Garance Franke-Ruta describes how to pitch The Atlantic: “Don’t pitch topics. Pitch stories. That can take anywhere from one sentence to three or four grafs, but it’s rarely longer.”
So how do you pitch without doing a lot of research beforehand? I often use the sneaky method of turning my pitch into a question:
— Is Kindle Unlimited good for writers?
— What distinguishes a good creative project from a great one?
— How do you write a good headline that can hold its own against clickbait?
I didn’t know the answers to these questions when I pitched them, but I knew the questions were interesting—and so did the editors who ultimately accepted. Once I got the go-ahead, I dove into the research and found the answers that turned these questions into engaging stories.

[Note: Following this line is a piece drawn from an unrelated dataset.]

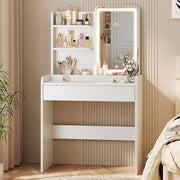 Memobarco White Small Makeup Vanity Desk with Drawer & Storage Shelves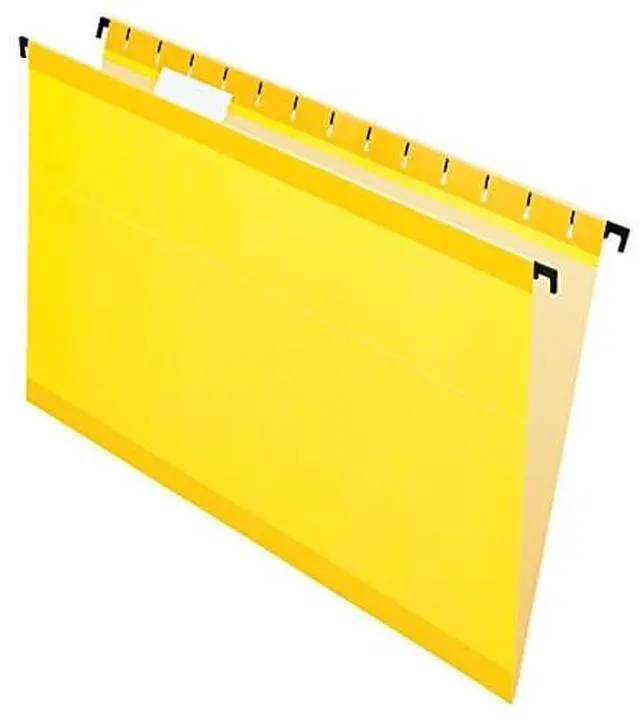 Alt view image 10 of 11 - Pendaflex 615315YEL Poly Laminate Hanging Folders, Legal, 1/5 Tab, Yellow, 20/Box, 1 Box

When you develop a really good relationship with an editor, you can often skip the formal pitch and just email over an idea. “How about I interview musicians and find out how they make money on tour?” was a one-line pitch I sent to my editor at The Billfold. (I didn’t even email it; I sent it over online chat.) That idea expanded into an interview series called “The Business of Creative Careers,” but I didn’t know when I started typing.
That’s another good reason why you should avoid over-researching your pitches. You never know what shape your story might take on. If you say your pitch is just going to be about musicians who tour, you lose the opportunity to talk about the complexity of earning money as a musician. If you say your pitch is going to be about why Kindle Unlimited is bad for writers, you lose the opportunity to learn why some writers like the service.
Now that you know all of the reasons why you shouldn’t put too much research into your pitches, let’s take a look at a few situations in which you should research before pitching.
There are still some places, such as national magazines, that expect more than the short email pitch. Some pitches still need to be written in four or five paragraphs, and pre-research is required.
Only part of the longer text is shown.